Wellllllllll, waddya know? It worked for me, too! I was kinda excited to read this thread cuz my 91 Sentra was doing the same thing and I bought a can of STP TB cleaner. Pulled the valve, soaked it a bit, and after sputtering a bit the engine ran more smoothly than ever! Thanks to all who replied to this post cuz it really made a difference!

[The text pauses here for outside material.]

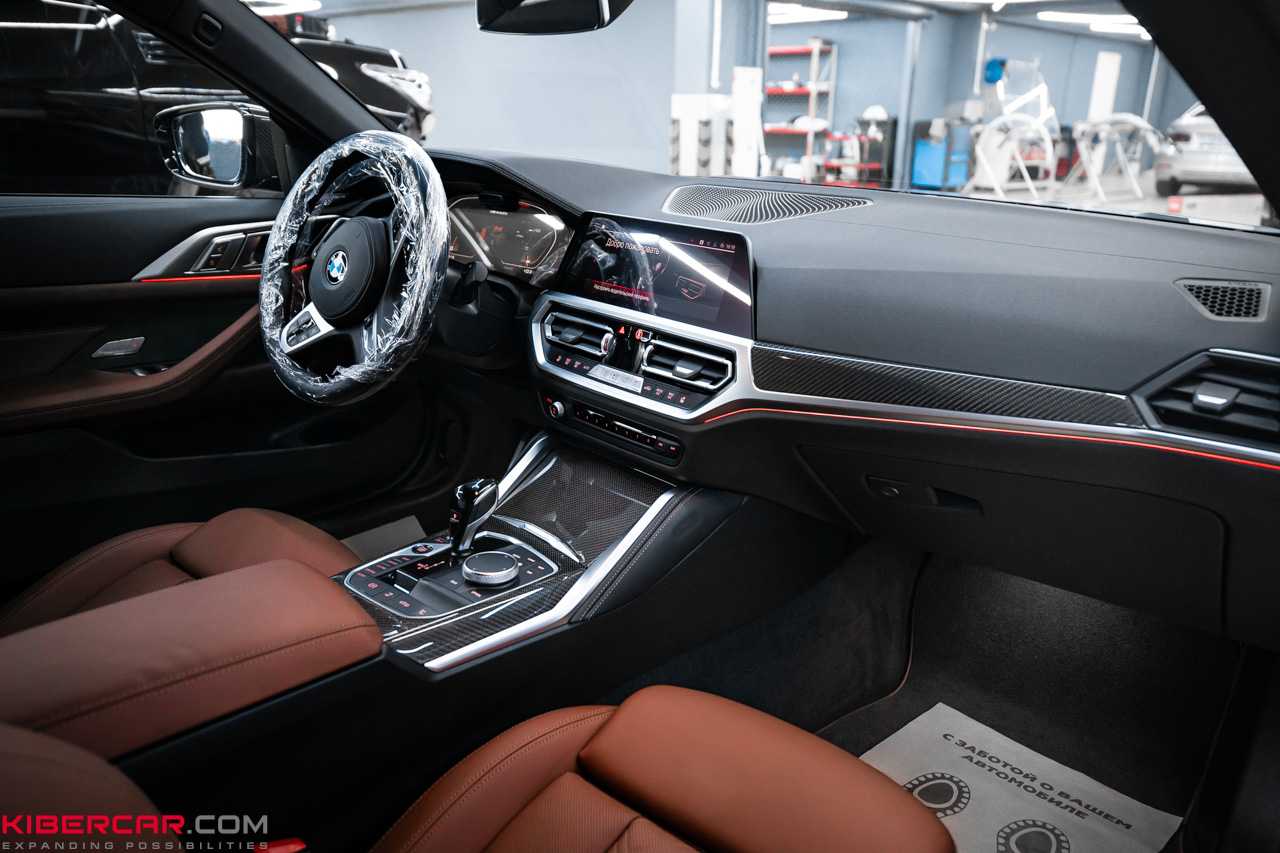 Карбон в деталях: ламинация интерьера и установка накладок на зеркала BMW 4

BTW, I also shot my throttle body while I was at it. That thing was GUNKY 

Later!


----------



## Cuban_B_93_XE (Apr 24, 2003)

Im going to try and clean this tommorow with some Carb Cleaner. Anything i can spray down that could be clogging up? Also, i had all the fluids changed at 119,000. The car is now at 137,000. Should i get all the fluids changed as well as plugs, wires, etc...?


----------



## Cuban_B_93_XE (Apr 24, 2003)

Is this what i should be taking out and cleaning?


----------



## Cuban_B_93_XE (Apr 24, 2003)

is that the picture of the valve i need to take out?


----------



## 95 SentraB13 (Jun 14, 2002)

Yes! I'm about to go clean mine as well in a minute. I had it off yesterday but didn't fully disassemble and clean it.


----------



## mccartyfan (Sep 23, 2003)

Yep, that's the valve. Take off the 3 bolts and slide it off (towards the passenger side). You can kinda roll it over so the opening is up. Keep a rag beneath the whole thing. Spray the inside of the port. I sprayed enough until it was full and let it set for a minute or so. Then dump it out into the rag and spray it again to clean out the residue. The thing should be good and shiny by the time you're done with it. Once you get it all bolted back on, start it up. Mine took a bit of cranking, idled erratically, and stalled when I hit the throttle for the first minute or so but it smoothed out and now it runs great without the idle drop problem.


----------